▸ WORK REQUEST: Output nothing except the lines from the one containing "(C86) [Picosolenodon (322g)]" through the final line of the data, both included, typed exactly, minus the pictures.

Segment Start: DATASET CONTENT

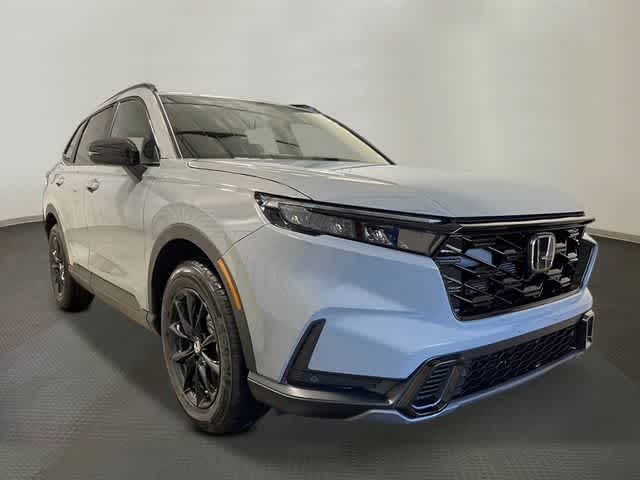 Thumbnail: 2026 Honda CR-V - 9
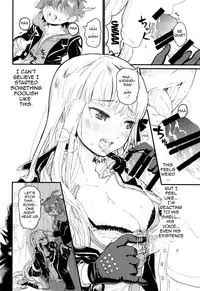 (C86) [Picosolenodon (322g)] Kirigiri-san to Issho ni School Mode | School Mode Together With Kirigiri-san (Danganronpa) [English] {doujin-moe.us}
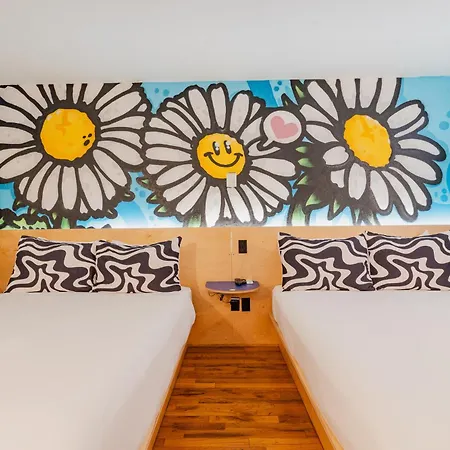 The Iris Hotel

Segment End: DATASET CONTENT

▸ PROBLEM SOLUTION:
 (C86) [Picosolenodon (322g)] Kirigiri-san to Issho ni School Mode | School Mode Together With Kirigiri-san (Danganronpa) [English] {doujin-moe.us}
 The Iris Hotel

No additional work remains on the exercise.